The d-pad in Two Worlds II takes on an entirely different role than you’d normally expect and, rather than assigning a different weapon or item to the various points of the d-pad, the up, left and right positions switch between “Weapon Sets” and the down position is used to draw and sheath weapons. There are obvious disadvantages to this method of game mechanics in that you’re first of all limited to only three different choices of item, and you can’t assign anything other than weapons or armour to each set, so the option of having all bases covered by perhaps a sharp quiver, blunt quiver, long ranged bow, short ranged bow, blunt weapons, swords and maybe even different enchanted weapons is no longer a possibility. What you get in exchange, however, is actually a pretty ingenious mechanism that can be used to immediately switch between entire armour, weapon and even jewellery sets… so if you’ve assigned the left position to being your archery set, you can have all your rings and amulets swap over to those which enhance your marksman abilities and have armour which increases accuracy. The same can be said for having a full weapon set geared specifically for close combat blunt weaponry, enhancing your strength and stamina and providing more protection without the worry of losing the much needed accuracy for the archery weapons. While this was very bewildering and disappointing at the start when I expected to be able to map eight weapons/items, it’s become an invaluable addition to the gameplay and I now wonder how I ever managed without it. Someone at Reality Pump needs a pay rise for that one.

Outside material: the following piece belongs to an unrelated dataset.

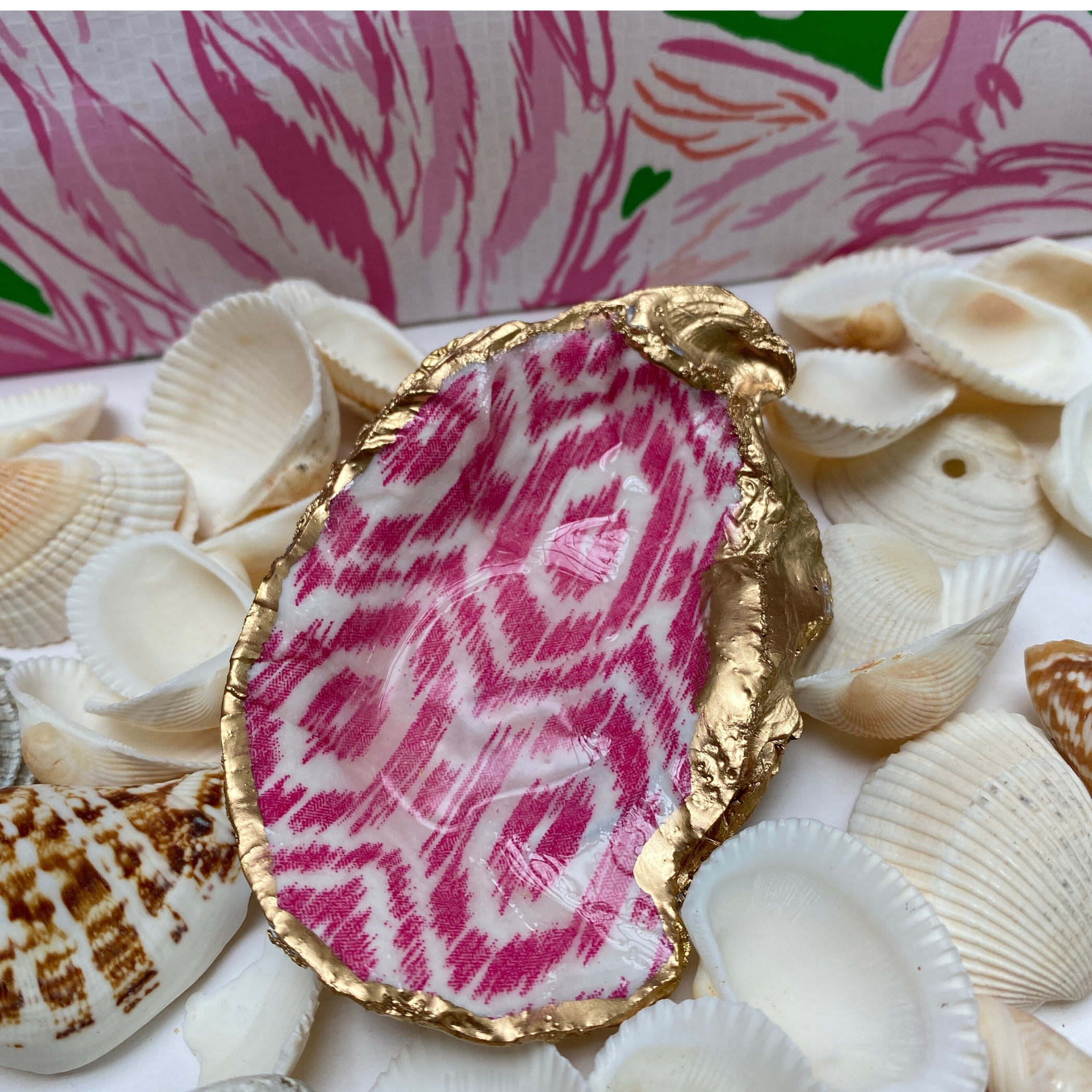 Oyster Shell Art, Pink Ikat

The spell casting in Two Worlds II is something that I’ve actually ended up avoiding because it relies on having a staff rather than being able to cast regardless of whatever weaponry you’re currently using. The level of customisation within the Mage Skills section is quite incredible though, with every new card altering the outcome of the spell so you’re not limited to using whatever prebuilt spells were on offer in the first game, and are instead expected to toggle cards on and off to generate your own specific spell type. A quick flick of a save before spending an obscene amount of attribute and skills points allowed me to experiment with different spells and, although they were incredibly impressive, the thought of giving up one of only three weapon sets meant that I was having to either sacrifice my ranged weapon or blunt weapons in favour of a Mage staff… something that I couldn’t bring myself to do, and so I reloaded the save and went back to using regular weaponry. Had they gone with the stereotypical, and perhaps overused, method of casting using the hand rather than a staff then I would be championing the Mage skills more than I am currently, especially after watching others experiment with the Modifier cards to create all manner of custom spells.

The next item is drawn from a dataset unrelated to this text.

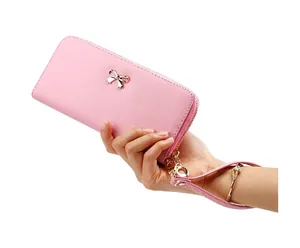 Elegante billetera larga de cuero PU rosa con detalle de lazo dorado en la mano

The physics in the game are best utilised in the Mage skills, with the power to generate physics objects in real time to create a tornado shield which levitates whatever free objects are around you and uses them to encircle the character as a means of protection. Felled enemies are also whipped up from the ground and pulled in to the tornado, along with their weapons, adding strength and power to an already impressive spell. The real time physics calculations involved for this type of manoeuvre, as well as the collision arising from your enemies being smacked in the face by another of their kin, is something which I’ve not seen in any console game to date so either this is something made possible about by the GRACE engine or I just haven’t stumbled upon it elsewhere.

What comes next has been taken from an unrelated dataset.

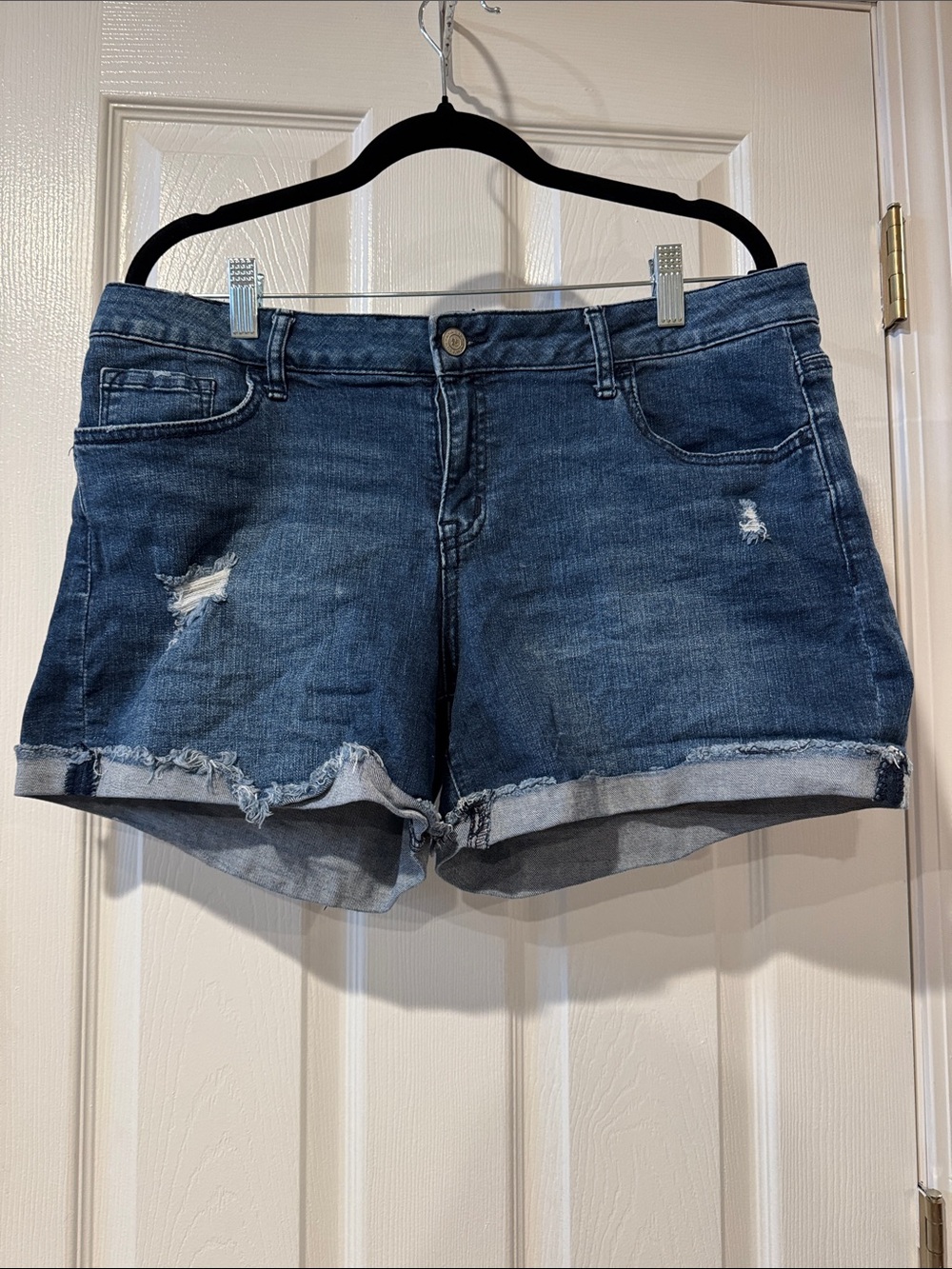 Altar’d State Dark Blue Distressed Women’s Denim Shorts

Graphically, the quality of the textures and characters are night and day when compared to Two Worlds but there is one major distraction for me which has taken me a considerable amount of time to become accustomed to, and that’s the enforced depth of field. In order to achieve a sense of realism, a lot of game designers are opting for an environment where foreground objects are in perfect focus and backgrounds are increasingly blurred depending on the distance from the camera’s point of view. While this does make for a more comfortable playing field, allowing enemies to be easily distinguishable from the surrounding environment, it does come at a price: shimmering edges. To differentiate between background and foreground, it would appear that the background is initially blurred and then the foreground objects are placed back in the environment as though they have a blurred version of themselves directly behind them, and this causes an odd shimmering effect. It’s not as noticeable in towns and cities, and certainly not in interior locations such as buildings or caves, but when out in the Savannah it’s very distracting to see trees shimmering even if you’re standing perfectly still. This problem may be limited to consoles and their limited graphic power, but I can’t help but think that a little antialiasing and some anisotropic filtering would have worked wonders and so I’m looking forward to playing through the game on the PC at a later date to take advantage of increased graphic power.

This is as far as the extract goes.